The school district is fortunate to “have her leadership during the extraordinarily difficult times,” Stivland said.
The board chair noted the interim superintendent wanted to work with all parties at the table.
“She demonstrates high ethical and moral characteristics,” Stivland said. “Superintendent Lansfeldt has created an atmosphere of trust and mutual respect that has greatly improved with the relationship between the board and the administration.”
Riehle claimed Lansfeldt was bullied into not accepting a three-year contract by the community and incoming board members.
“So the board directs a three-year contract negotiation,” Riehle said. “All attempts made by directors Sherman, Petrie and Pelletier to move it to a one-year term fail. Director Petrie inserted herself into the negotiation room assuring she was not there to — and I’m paraphrasing — to derail the directive.”
But Riehle claimed that’s exactly what happened.
“Director Petrie tried to negotiate a one-year, and put pressure on Ms. Lansfeldt not to accept a three-year (contract),” Riehle said.
Riehle said the about face from Petrie, Sherman and Pelletier was hypocritical.
“This is not an extension, it’s a new contract …,” Riehle said. “Apparently, process doesn’t matter for a new one-year contract.”
Riehle said Lansfeldt has been on an interview for approximately 14 years. She was referring to how long Lansfeldt has served as an administrator for Stillwater Area Public Schools.
“We are lacking some critical thinking skills on this board driven by blind emotion and allegiance,” Riehle said. “What has been proposed is completely incoherent. It was never about process.”

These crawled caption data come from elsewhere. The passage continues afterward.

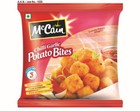 McCain CHILLIE GARLIC POTATO BITES 420g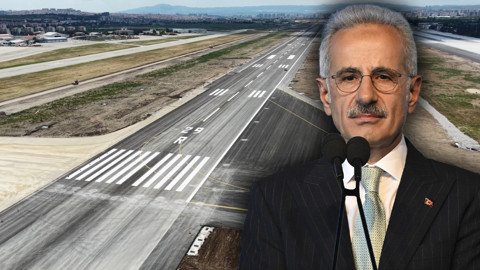 8 Ayda Rekor Dönüşüm! Bakan Uraloğlu: 'Burası Türkiye’nin İtibar ve Diplomasi Üssüdür'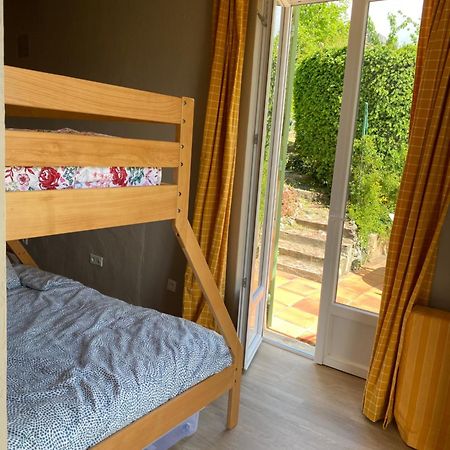 Villa Rosemarie Valdeblore Ngoại thất bức ảnh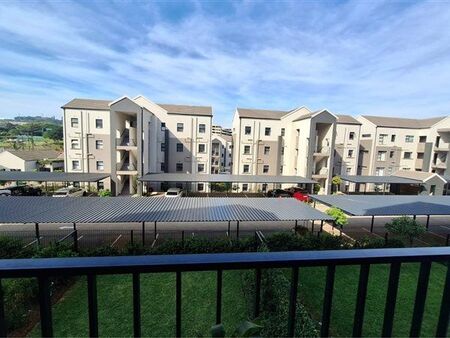 1 Bedroom Apartment in Ballito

Weisberg agreed with Riehle’s statements, but she still voted in favor of the one-year contract.
Weisberg stated a two-year contract would have been a better compromise, however plans to negotiate a two-year contract failed on a 4-3 vote with Stivland providing the swing “no” vote at the Dec. 17 meeting.
“I’m disappointed we couldn’t get more than a year, and I hope that the sacrifice that superintendent Lansfeldt made pays off …” Weisberg said. “Thank you Malinda, and I’m so sorry you were put in the middle of this mess. It didn’t have to be this way.”

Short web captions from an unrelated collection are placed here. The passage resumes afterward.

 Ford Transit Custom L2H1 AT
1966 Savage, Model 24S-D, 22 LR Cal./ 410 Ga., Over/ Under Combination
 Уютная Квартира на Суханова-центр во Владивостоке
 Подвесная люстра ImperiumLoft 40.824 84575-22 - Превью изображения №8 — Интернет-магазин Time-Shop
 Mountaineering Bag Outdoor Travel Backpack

Ptacek state that although he didn’t get his way with a three-year contract or even a two-year term, he would still support hiring Lansfeldt for another year.
“I think we have an unusual opportunity to have an experienced, knowledgeable — particularly knowledgeable with our district — candidate who we’ve got to agree to a second contract,” Ptacek said moments before the board voted on the issue. “To me that’s important. So for those reasons I am going to support the one-year contract, but I also do that with disappointment and a heavy heart.”

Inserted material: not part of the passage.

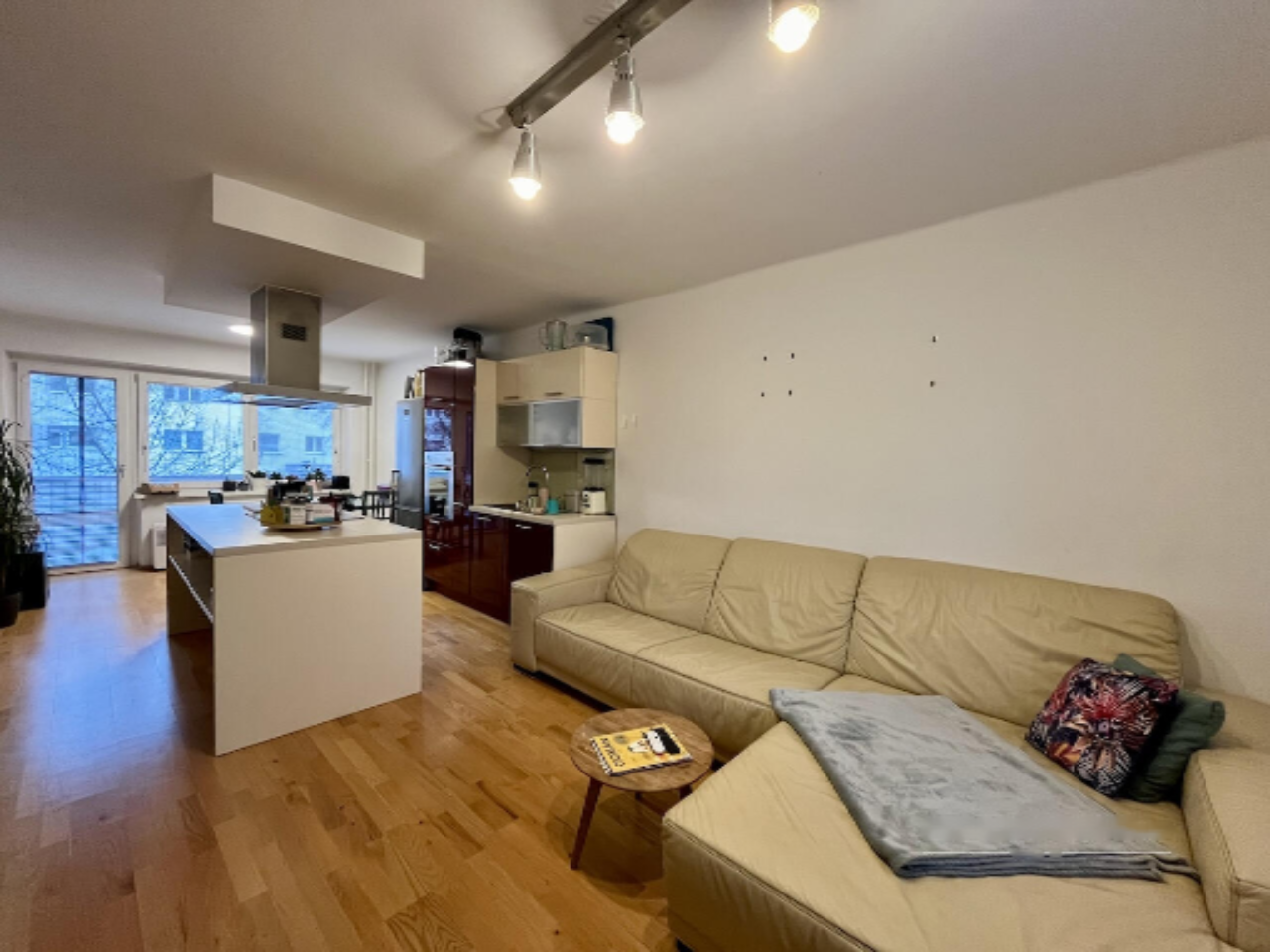 Квартира в Любляне, Словения, 72 м² - фото 4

Other than Weisberg, no board members directly responded to Riehle’s claims about bullying Lansfeldt into not accepting a longer term contract.
Prior to adjourning the meeting, board chair Stivland and Pelletier read a joint statement of support for the district and for Lansfeldt. The Dec. 23 meeting was their last on the SAPS board. The two have often disagreed on issues facing the district.
“We agree that Superintendent Lansfeldt will continue to work very hard to create established relationships with all of our stakeholders on behalf of our students and families,” Pelletier said.
Pelletier said as the district organizes for passage of a levy and bond, they will support her efforts.
“We also know how critical these times are for our school district,” Stivland continued. “This is a time of uncertainty and stress. We are hopeful that the incoming board of education and the Pony community at large will join us in supporting Superintendent Lansfeldt, and work together to support one another. This would be best for all of us.”